An important feature is the 3/32″ polycarbonate sheet over the top and lower shelf to protect them from water. (I use waterstones, but the surfaces should be likewise protected from oil if you use oilstones.) Acrylic can also be used. The top sheet is secured with small stainless steel flat-head wood screws, carefully countersunk, which is nicer than the round head aluminum screws and tiny rubber washers that I used for the lower shelf.

The upper (inner) shelf, 3/8″ 3-ply, is spaced 5 1/8″ above the lower shelf and is 10″ deep.
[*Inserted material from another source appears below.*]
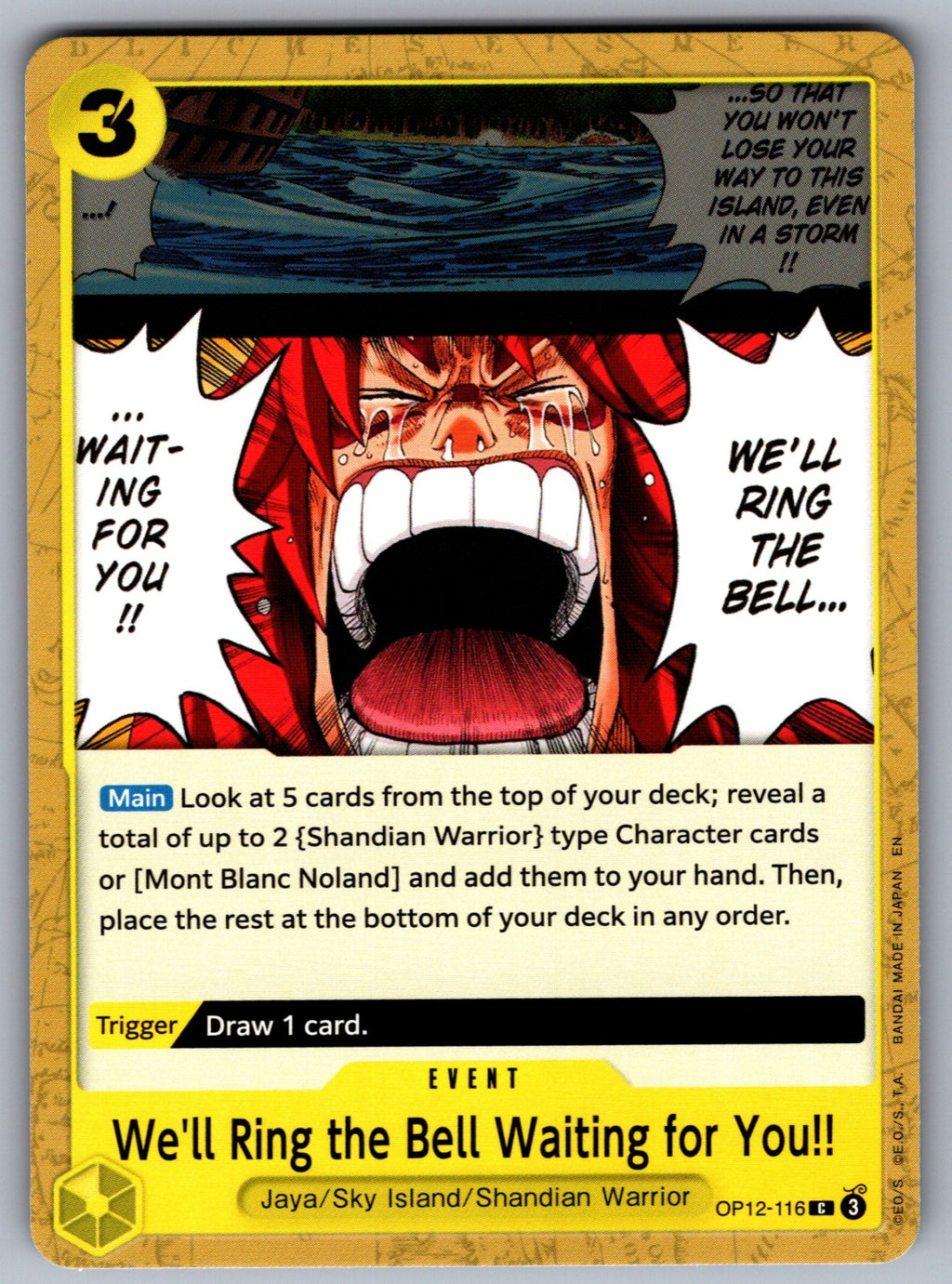 We'll Ring the Bell Waiting for You!! C Legacy of the Master OP12-116 NM 2025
It is screwed to simple side supports that are screwed all the way through into the legs.

The top surface of this sharpening bench is 25 1/4″ above the floor. This is what works for me (at 5’9″) with the box-basin-bridge apparatus (which I will detail later) for hand sharpening, and the Tormek machine. I can work comfortably, bringing body weight to bear as needed.

The height is a critical issue, but everyone is different and so you must decide what will work for you. I suggest, as the most reliable approach, going through the same sort of process that I have recommended for deciding on a workbench height. Yet, if after building and then using your bench for a while, you find that you misjudged, don’t worry, you can always shorten the legs or even splice on some extra.

The drawer is 15 3/8″ deep overall with a 12 1/2″ wide x 4 1/8″ high front. The construction is simple rabbet and groove using exterior plywood, glued and screwed. The front and back are 3/4″ thick, the sides 1/2″, and the bottom 3/8″. Inside depth is 3 3/16″. The drawer is side-hung, using 1/2″ x 1/2″ cherry rails that fit in matching grooves in the 1 3/8″-square oak supports, which are screwed to the top from underneath.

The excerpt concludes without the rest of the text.